We tell ourselves optimization is working because the machine is still running.
The groceries are bought. The work is done. The children have not become international fugitives. The garden, while not exactly relaxed, is alive. We are alive. Therefore, surely, the system works.
But sometimes the system only works in the way a toaster works when you have to hold the lever down with a butter knife.
And then, of course, there is loss aversion.
The big one.
The reason we are so reluctant to let go of the version of ourselves we have built.
Change may lead to something softer, freer, and more honest. But the old life is known. It has passwords saved. It knows where everything goes in the dishwasher.

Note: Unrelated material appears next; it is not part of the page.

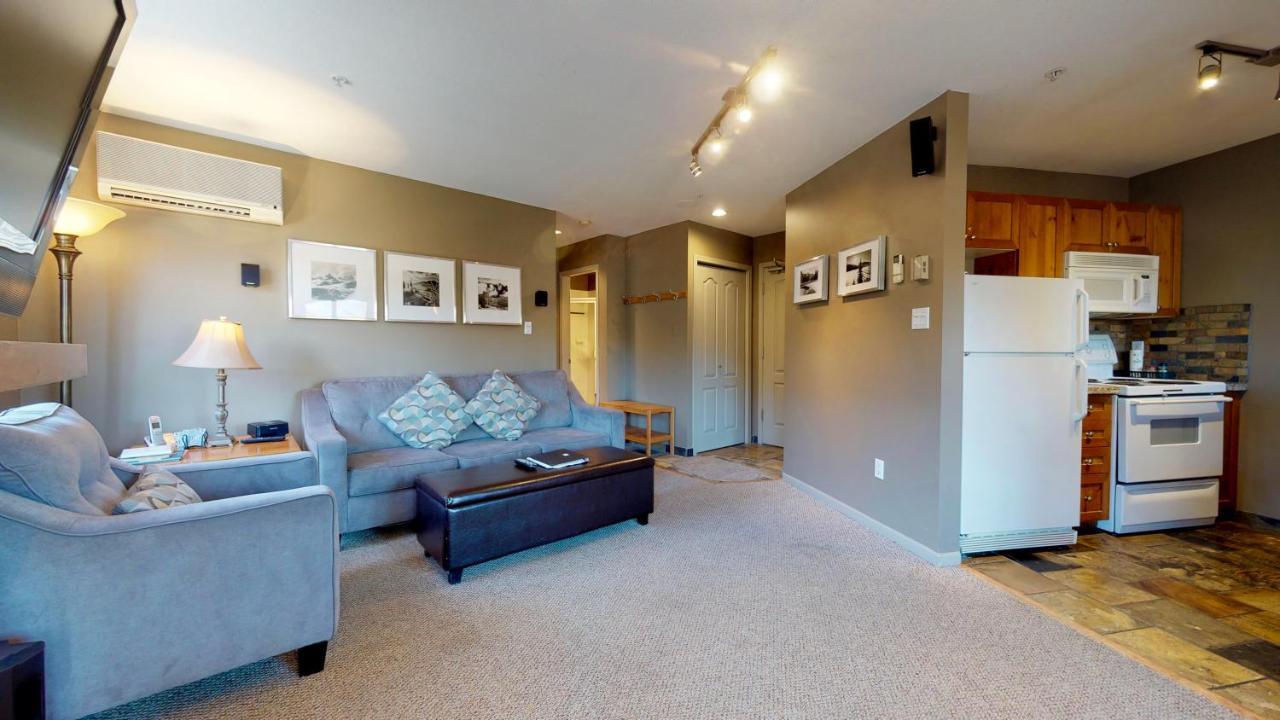 Whistler Blackcomb Vacation Rentals - Village North Luaran gambar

The new life asks terrible questions.
What if you stopped proving?
What if you did less?
What if you were not available for every emergency, especially the ones caused by other people being disorganized near you?
What if ease is not a collapse of standards, but a different standard entirely?
There comes a point when all the optimizing starts to look less like ambition and more like fear.
Fear of falling behind. Fear of disappointing people. Fear of becoming irrelevant. Fear of discovering that if we stop doing quite so much, the world will not fall apart, which would be both a relief and, frankly, a little insulting.
Behavioural economics gives all of this a language, which is helpful, because otherwise we might simply call it another day in midlife.
It says you are not irrational exactly. You are human. You are making choices inside systems of habit, identity, fear, attachment, and reward.
~ Danielle
The Midlife Syllabus
Lesson #27:
Not every life you worked hard to build still needs to be defended.
Beauty, Grace & Daily Artistry
A small, imperfect pleasure: I bought a notebook this week that I absolutely did not need, which is different from buying a notebook one does need, although I cannot explain how.
But I have placed it on my desk, where it gives off the quiet promise that a better, more elegant version of me may still arrive.
What I’m Reading, Watching, or Listening to
Reading
Strangers: A Memoir of a Marriage by Belle Burden. It had me hooked as soon as I found out her grandmother was Babe Paley. I’m a sucker for anything based in last-millennium wealthy Manhattan.